[Work request] Retype word for word the stretch of entries below from the line that has "Breakfast Area |" through the line that has "Bed in Certosa", and omit the pictures.

[Supplied data]
=== Section Start ===

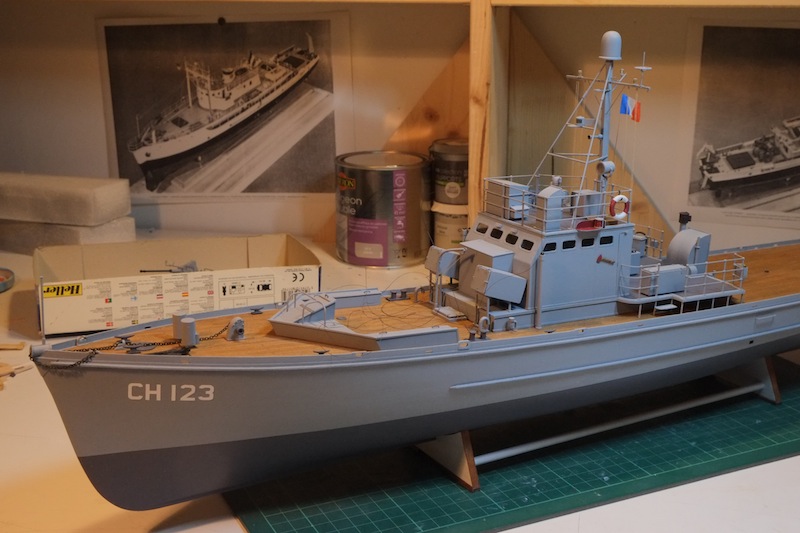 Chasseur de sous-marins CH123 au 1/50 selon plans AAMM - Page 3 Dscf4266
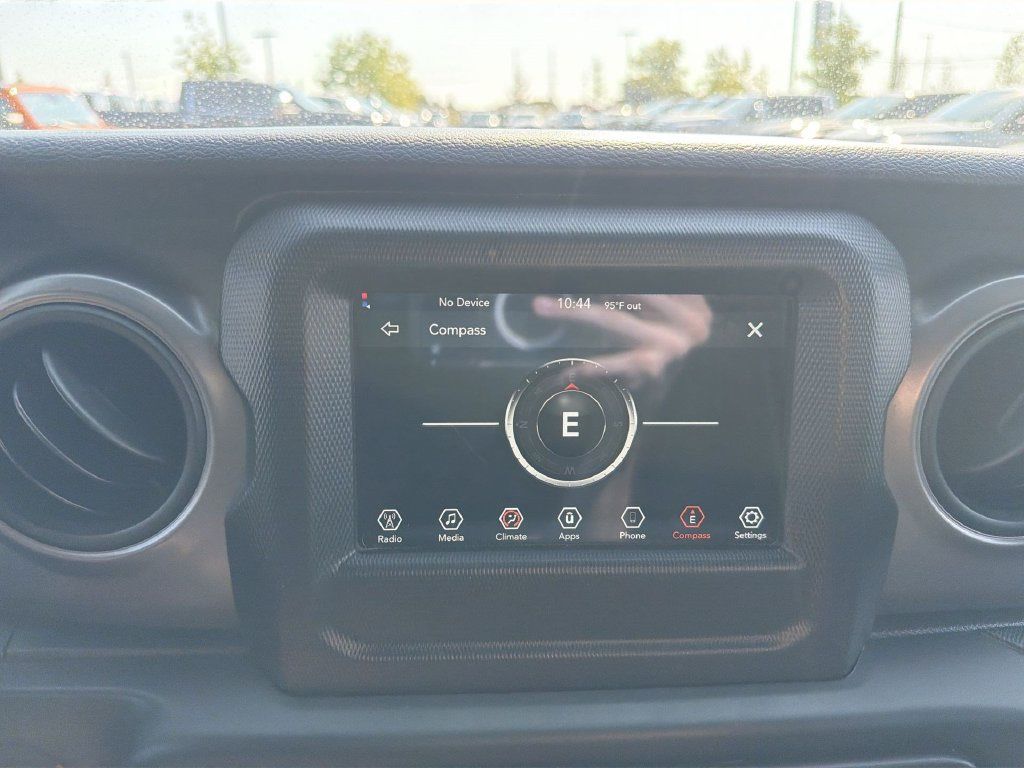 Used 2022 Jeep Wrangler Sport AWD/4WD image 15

=== Section End ===
=== Section Start ===

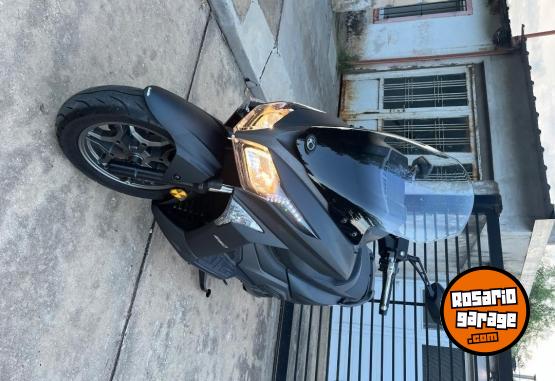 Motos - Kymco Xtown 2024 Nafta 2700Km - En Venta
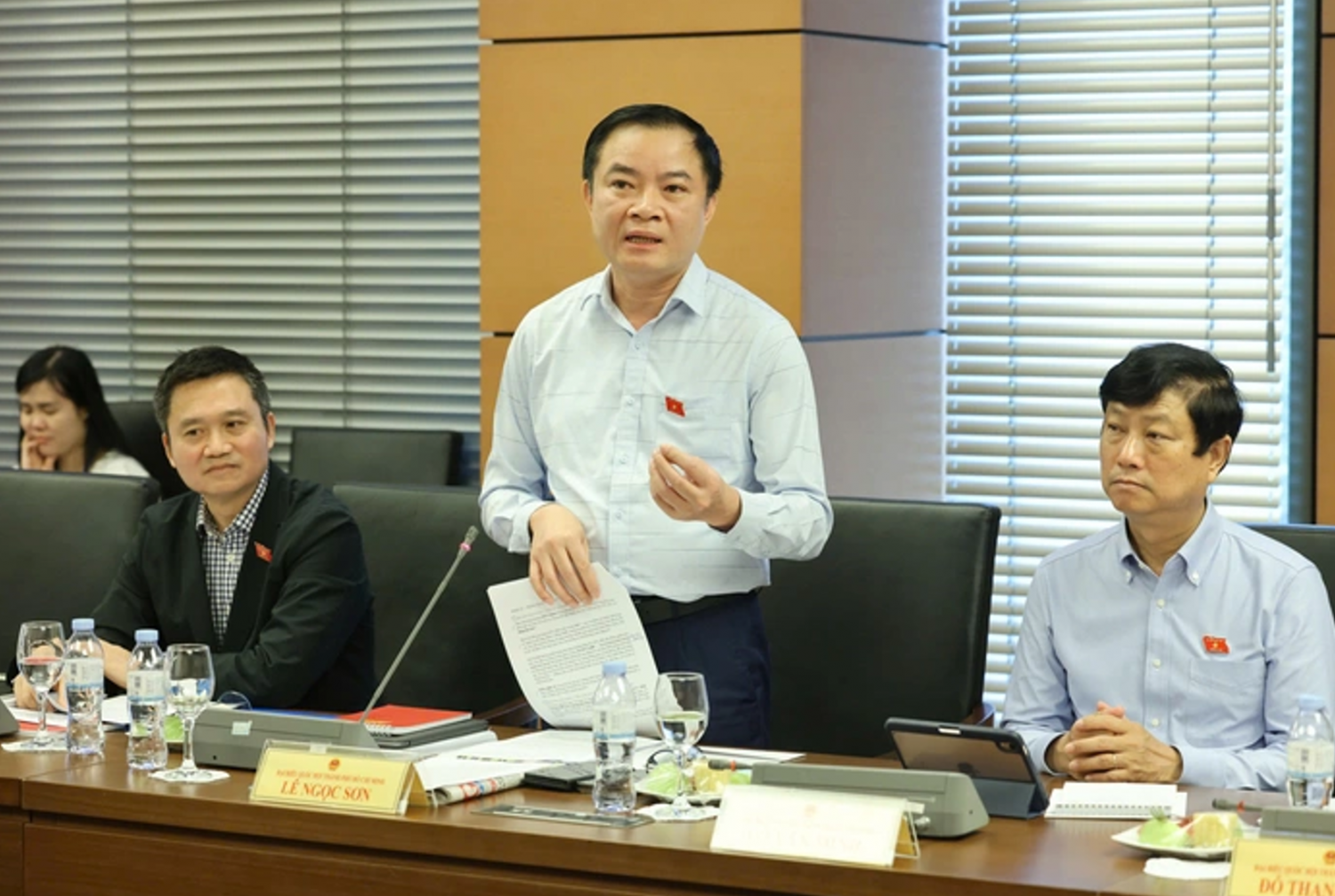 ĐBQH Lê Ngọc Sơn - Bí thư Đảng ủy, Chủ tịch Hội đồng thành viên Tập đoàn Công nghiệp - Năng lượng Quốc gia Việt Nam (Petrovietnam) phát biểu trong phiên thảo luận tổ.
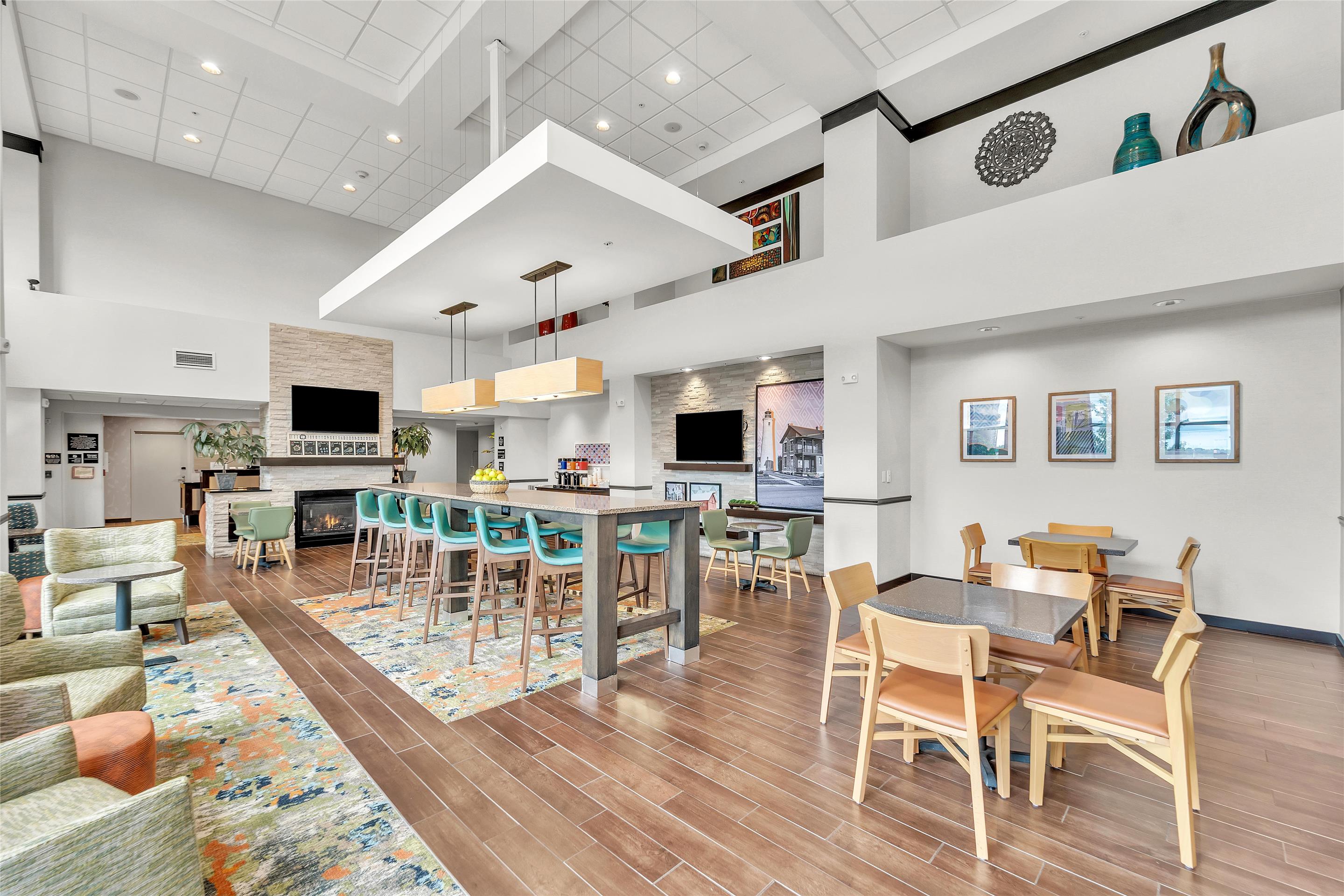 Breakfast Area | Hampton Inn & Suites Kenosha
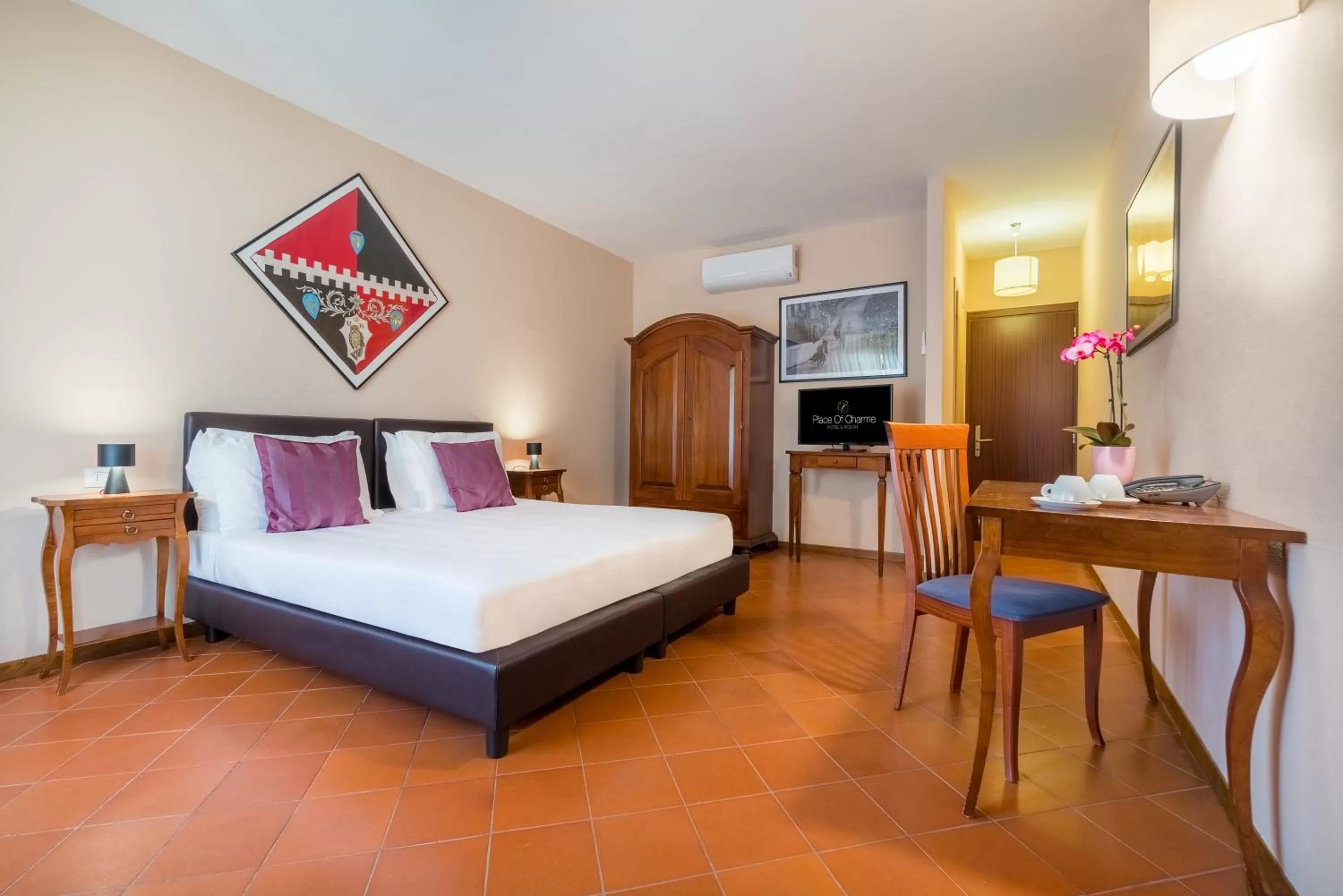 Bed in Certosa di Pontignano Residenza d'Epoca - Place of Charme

=== Section End ===
=== Section Start ===

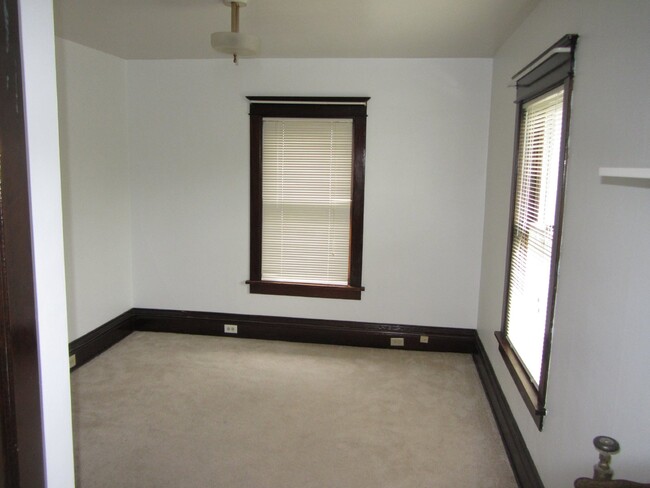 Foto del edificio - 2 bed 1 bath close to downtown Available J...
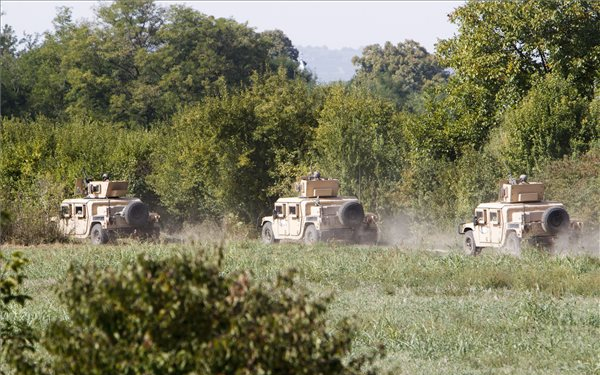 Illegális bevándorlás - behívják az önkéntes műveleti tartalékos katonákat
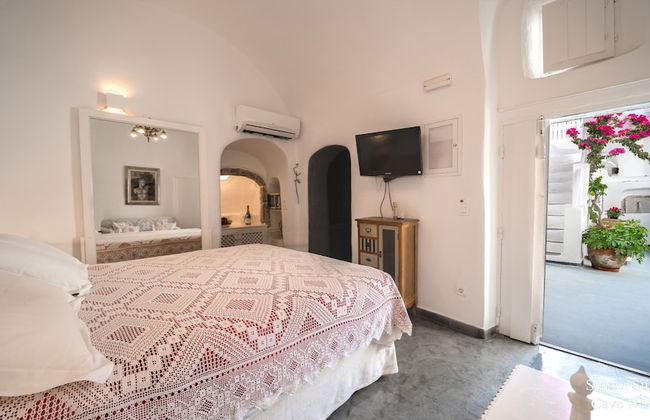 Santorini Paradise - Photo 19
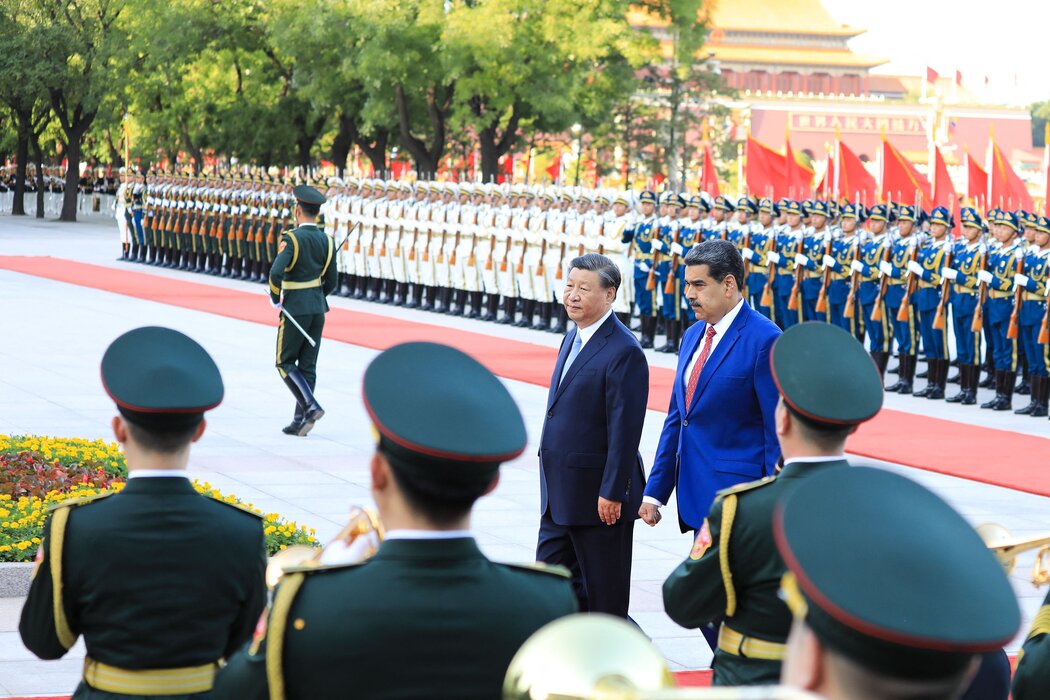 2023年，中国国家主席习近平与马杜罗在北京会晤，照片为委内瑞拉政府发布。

=== Section End ===

[Problem solution]
 Breakfast Area | Hampton Inn & Suites Kenosha
 Bed in Certosa di Pontignano Residenza d'Epoca - Place of Charme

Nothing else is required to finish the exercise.